さてさて、今日は奈良県の十津川村まで。
国道168号線で大阪から約3時間。
十津川と上湯川が合流する場所。
普段なら綺麗なエメラルドグリーンの川なのだが、昨日の雨のせいか乳白色で濁っていた。
国道168号線と国道425号線が合流するあたり。
この赤い鉄橋を越えてすぐ、右へと曲がる山道があり、その山道を進むと十津川村の最果ての集落、果無(はてなし)集落がある。
山道といえども、道路はわりと走りやすく、落石なども少ない。
ただ、ガードレールがない場所が多く、慎重になるハンドル操作。
何処まで行っても山・山・山。
まさに果て無く続く山の光景の中に果無(はてなし)集落がある。
さて、ココが果無(はてなし)集落の観光駐車場。
停めれる車の数は4台ほど。
とはいえ、この付近の道路沿いに駐車しても邪魔にならない場所などもあり、まぁ駐車場に困ることはなさそう。
奈良県の十津川村とは
駐車場から果無(はてなし)集落までは約200m。
果無(はてなし)集落は世界遺産である熊野参詣道小辺路沿いにある集落。
で、果無(はてなし)集落へと行く前に奈良県十津川村のことをおさらいしておこう。
奈良県の十津川村は奈良県の南に位置し、吉野、熊野といった紀伊山脈の山奥にある村。
実はその広さ日本一の村であり、いまでもなお町村合併をせずに村を呼称している。
無数の山や谷だらけで急斜面の土地に集落が点在しており、その山、山を平坦地の面積に換算すると東京23区以上となる。
あまりに山深いため十津川村ははるか昔、天武天皇の時代(686年)から御赦免所として年貢を納めなくてもよい土地であった。
大和十津川御赦免所(ごしゃめんどころ)
年貢要らずの作り取り
という里の唱があるが、年貢がいらないから米を取り放題。
なんてことはなく、あまりにも大山塊の土地であるからして、年貢を納めるほどの米が作れないのだ。
要するに免租せざるをえない土地であり、あまりにも山奥過ぎて中央集権の力が及ばない政治的空白地でもあった。
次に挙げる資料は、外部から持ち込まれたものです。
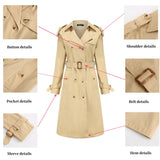 Women Trench Coat Long-Sleeved Lapel Coat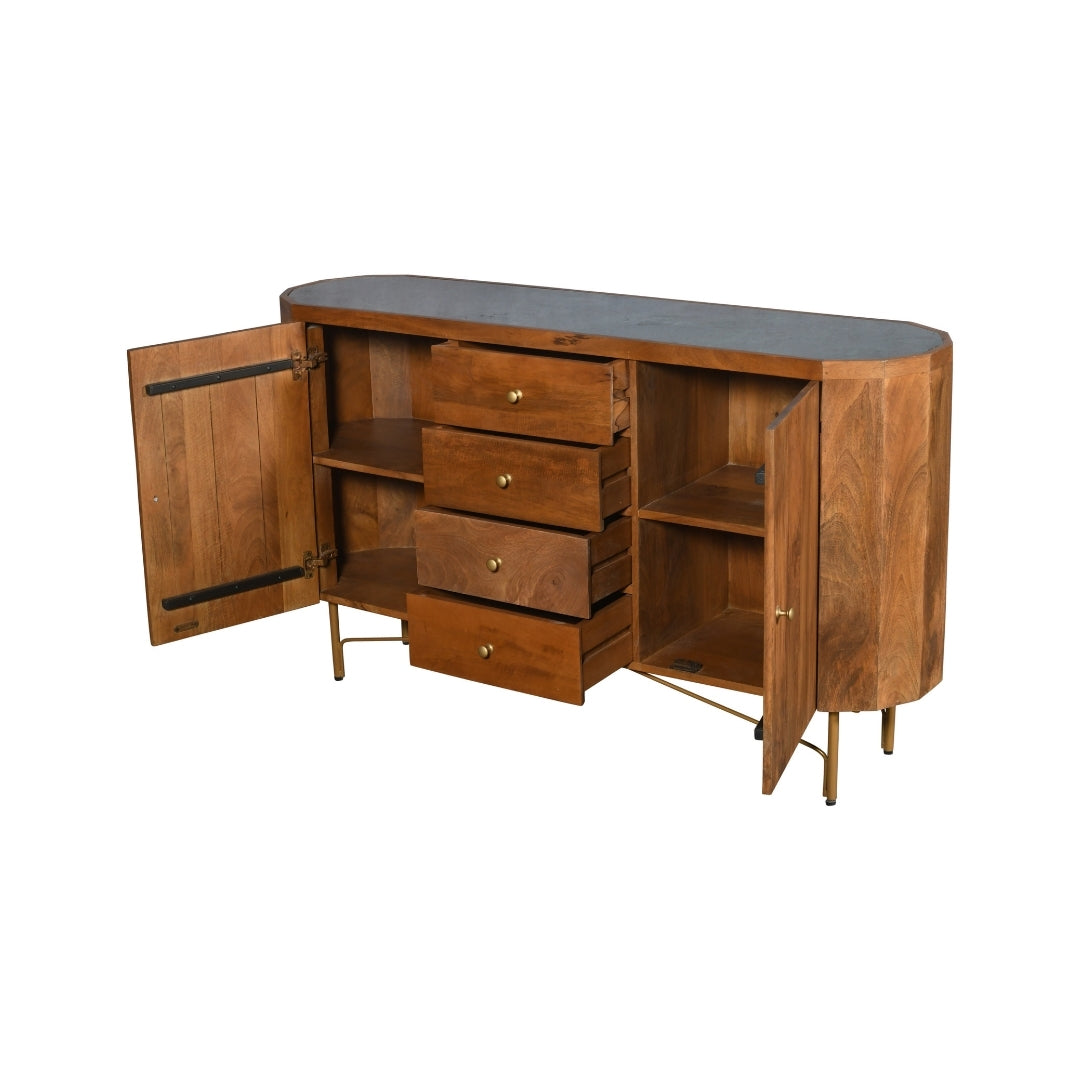 Modern Capsule Wooden Sideboard with Gold Legs and Drawers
だが、大阪や京で合戦がある度に、十津川郷の者が兵として出陣し、その兵力を頼りにされたらしい。
特に狩りを生業として暮らしていたということもあり、その弓の技術はかなりのものだったのだとか。
十津川郷の兵は大阪冬の陣でも出兵をしている。
中央集権の力が及ばぬ十津川郷という僻地は兵力の貯蔵庫という役割でもあったそうな。
今でこそ、十津川村の最果てまで大阪から車で3時間で行けるようになったが、車道が十津川村の果てまで通ったのは昭和34年頃である。
十津川村の人達は村と下界を行き来するため、自らの山の土地を無償で差しだし、道路建設にかかる費用の一部を木材を売って負担をした。
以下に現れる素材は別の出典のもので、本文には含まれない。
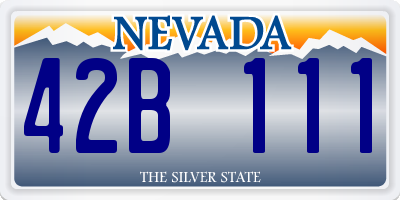 NV license plate 42B111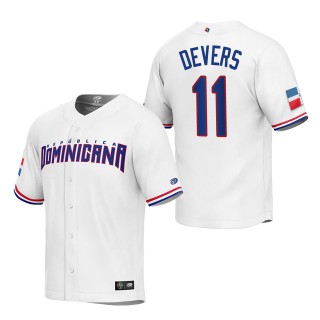 Rafael Devers Men's Dominican Republic Baseball White 2023 World Baseball Classic Replica Jersey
十津川村で有名な観光スポットである、日本一長い吊り橋の「谷瀬の吊り橋」も村民がお金を出し合って作ったものであって、公共事業として税金で作られたものではない。
十津川村の人達は昔からそのような気質なのだろう。
時に兵を出し、時に資金を出し、自らの財を村のために提供をしている。
このような僻地でありながら、時代の流れにうまくのることを心得ているのだろうか。
明治維新の時代にも十津川郷の人は維新派の獅子として活躍をしている。
かの坂本龍馬も十津川郷の者をかわいがった。
坂本龍馬が亡くなる近江屋事件。
坂本龍馬は風をこじらせて醤油商である近江屋新助の屋敷の二階にいた。
龍馬が中岡慎太郎と話こんでいた午後8時頃。
土間に立つ人影あり。
誰が訪ねて来たのであろうか。
と下僕の藤吉が階下に降りてみると・・・
「私は十津川郷の者だが。」
といって藤吉に名刺を渡し、
「坂本先生はご在宅か?」
と尋ねた。
十津川郷の者と知って味方だと思った藤吉は、龍馬を呼びに行こうとした際に襲撃された。
その後、坂本龍馬は十津川郷の者と嘘を名乗った京都見廻組の襲撃に逢い殺さるのである。
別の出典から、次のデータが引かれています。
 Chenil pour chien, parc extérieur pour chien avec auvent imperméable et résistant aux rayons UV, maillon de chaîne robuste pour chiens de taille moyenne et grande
奈良の大山塊の僻地、十津川村が歴史上で何度も登場しているのが興味深い。
和風のマチュピチュ感がある十津川村の果無集落へ
さて、駐車場から歩くこと200m。
熊野参詣道小辺路へ到着。
どうやらバスが通っているみたい。
バス停の名前は「世界遺産石碑前」。
バス停の時刻表を見てみると・・・
何と月曜日のみの運行。
週に2便しかバスが来ないという。
まさに僻地だな。
こちらが世界遺産の石碑。
石碑の横を通る小さな小道が熊野参詣道小辺路。
この道を進むと果無(はてなし)集落。
人1人が通れるほどの小さな小道。
遠くに家があるのが見える。
十津川村の観光案内にも紹介されている果無(はてなし)集落ですが、基本的には集落に暮らす人達の土地のため、熊野参詣道小辺路以外には立ち入らないようにしましょう。
いい感じの縁側があるお家。
この家はかつて、熊野詣の坊だったのでしょうかね。
こんな山奥に石畳の小道ってなんとも不思議な光景。
こりゃ和風マチュピチュって感じだわ。
この田んぼを見ていると十津川村が昔から御赦免所っていうのも納得。
めちゃ水が綺麗でめちゃデカいコイがいるんだけどPLフィルターを持って来てないのでその姿が撮れないのが残念。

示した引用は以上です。